The long-running police investigation prompted by illegal eavesdropping at the defunct Murdoch tabloid The News of the World has expanded into probes of computer hacking, bribery and corruption. Brooks served as that newspaper's editor before taking the same role at The Sun and eventually rising to the CEO position with News International.
The announced names of the suspected hacking victims include some of the world's biggest celebrities, including Angelina Jolie, Brad Pitt, Jude Law, Paul McCartney and soccer star Wayne Rooney.
The phone-hacking accusations have reverberated through the top levels of British politics and journalism, led to the major tabloid's closing and prompted a parliamentary committee to issue damning criticism of Murdoch.
Others charged in the case include Andy Coulson, an editor at News of the World who went on to become director of communications for British Prime Minister David Cameron before resigning.
According to Thursday's release from London police, Brooks was charged on three offenses. The first claims that she -- along with Coulson, Stuart Kuttner, Greg Miskiw, Ian Edmondson, Neville Thurlbeck and James Weatherup -- conspired between October 3, 2000, and August 9, 2006, "to intercept communications in the course of their transmission, without lawful authority." Specifically, the charge asserts that they listened to "voice mail messages of well-known people."
Another charge accuses Brooks, Coulson, Kuttner, Miskiw, Thurlbeck and Glenn Mulcaire of intercepting messages of Milly Dowler, the 13-year-old British schoolgirl who was abducted and murdered in 2002.
Lastly, Brooks, Mulcaire and Miskiw are charged with, between December 3, 2002, and January 22, 2003, conspiring to intercept the messages of firefighter trade union boss Andy Gilchrist.
Brooks has previously vigorously denied the charges against her, saying she was "distressed and angry."
The scandal exploded with the revelation that the phone of Dowler was hacked after she disappeared in 2002. She was later found murdered.

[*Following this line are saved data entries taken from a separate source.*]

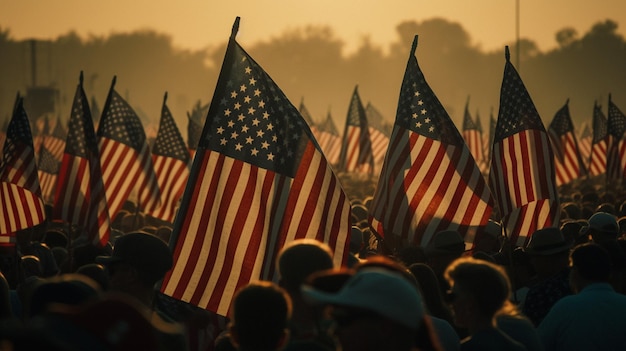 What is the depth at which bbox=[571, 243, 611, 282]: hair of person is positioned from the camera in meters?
6.56

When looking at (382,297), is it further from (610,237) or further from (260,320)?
(610,237)

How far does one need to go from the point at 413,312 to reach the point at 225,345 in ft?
5.63

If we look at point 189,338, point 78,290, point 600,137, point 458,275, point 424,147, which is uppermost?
point 600,137

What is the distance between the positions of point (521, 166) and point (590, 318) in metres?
5.60

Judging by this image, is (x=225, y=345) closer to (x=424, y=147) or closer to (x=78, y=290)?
(x=78, y=290)

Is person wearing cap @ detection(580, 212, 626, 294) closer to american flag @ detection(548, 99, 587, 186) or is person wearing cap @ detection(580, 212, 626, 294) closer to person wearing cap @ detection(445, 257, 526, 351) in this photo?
person wearing cap @ detection(445, 257, 526, 351)

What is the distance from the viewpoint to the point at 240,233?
8.00 m

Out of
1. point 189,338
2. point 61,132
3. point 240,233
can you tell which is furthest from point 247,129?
point 61,132

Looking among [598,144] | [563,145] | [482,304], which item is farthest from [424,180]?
[598,144]

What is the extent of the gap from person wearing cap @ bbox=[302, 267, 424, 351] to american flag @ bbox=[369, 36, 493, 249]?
6.47m

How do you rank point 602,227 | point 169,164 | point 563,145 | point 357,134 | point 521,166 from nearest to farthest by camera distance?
point 602,227 < point 521,166 < point 169,164 < point 563,145 < point 357,134

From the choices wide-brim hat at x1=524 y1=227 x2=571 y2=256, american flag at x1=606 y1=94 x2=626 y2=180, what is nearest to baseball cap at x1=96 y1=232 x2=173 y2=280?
wide-brim hat at x1=524 y1=227 x2=571 y2=256

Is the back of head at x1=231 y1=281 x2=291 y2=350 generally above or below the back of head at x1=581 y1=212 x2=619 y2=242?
below

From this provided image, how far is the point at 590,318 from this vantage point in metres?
6.34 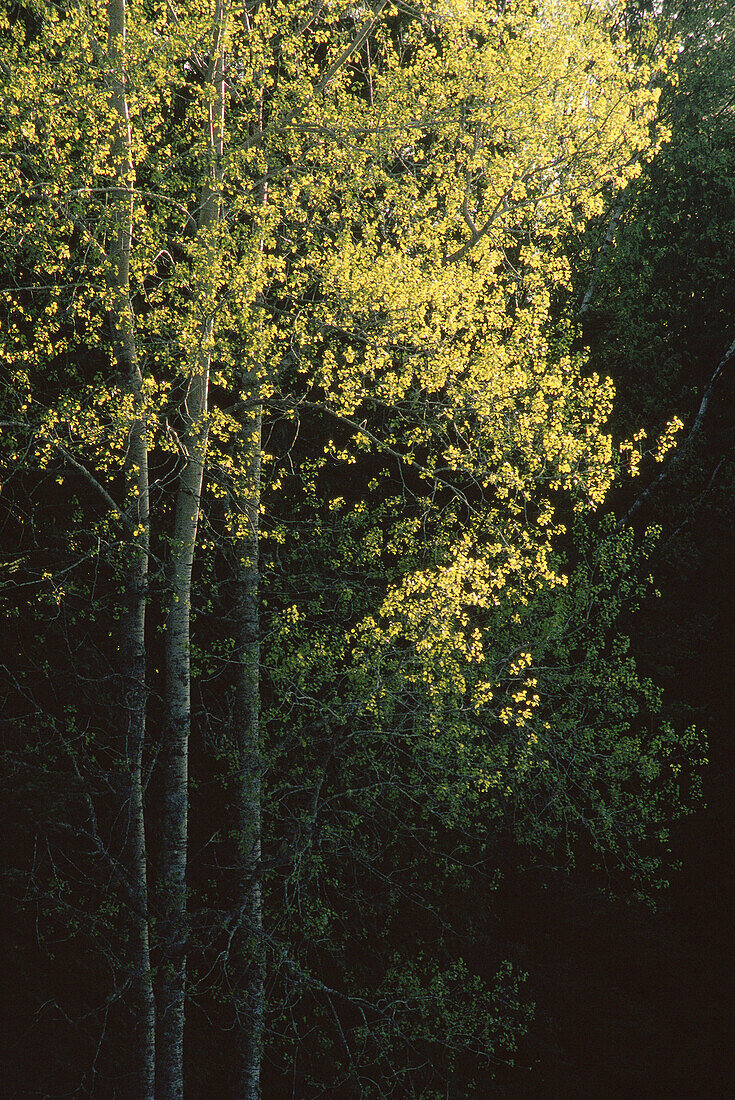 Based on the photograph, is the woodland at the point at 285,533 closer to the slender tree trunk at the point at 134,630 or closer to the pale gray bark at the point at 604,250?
the slender tree trunk at the point at 134,630

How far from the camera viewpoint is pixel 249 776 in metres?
9.05

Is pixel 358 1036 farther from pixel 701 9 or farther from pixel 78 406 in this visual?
pixel 701 9

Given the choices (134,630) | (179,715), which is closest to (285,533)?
(134,630)

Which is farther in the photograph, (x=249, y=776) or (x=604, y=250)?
(x=604, y=250)

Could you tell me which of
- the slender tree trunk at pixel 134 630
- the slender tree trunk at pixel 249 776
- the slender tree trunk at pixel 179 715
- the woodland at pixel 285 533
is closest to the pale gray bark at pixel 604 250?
the woodland at pixel 285 533

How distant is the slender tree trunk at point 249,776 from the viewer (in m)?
8.86

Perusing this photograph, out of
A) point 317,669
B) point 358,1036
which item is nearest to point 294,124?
point 317,669

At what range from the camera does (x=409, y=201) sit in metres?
9.40

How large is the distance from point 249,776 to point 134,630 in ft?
6.05

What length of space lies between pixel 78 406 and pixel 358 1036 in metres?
6.45

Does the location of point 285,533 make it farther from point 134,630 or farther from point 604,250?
point 604,250

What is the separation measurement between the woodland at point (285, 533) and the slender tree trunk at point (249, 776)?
0.06m

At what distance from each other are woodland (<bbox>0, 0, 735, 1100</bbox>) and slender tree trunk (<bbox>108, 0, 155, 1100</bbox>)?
0.05 meters

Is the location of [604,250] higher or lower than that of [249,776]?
higher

Indications that her voice mail had been accessed had given her parents the false hope she was still alive.
Prosecutors allege there were more than 600 victims of phone hacking between 2000 and 2006.
The investigation and public notoriety has been damaging to News Corp. and Murdoch, who stepped down from a string of company boards of directors earlier this month and further distanced himself from the print business that first brought him fame and fortune.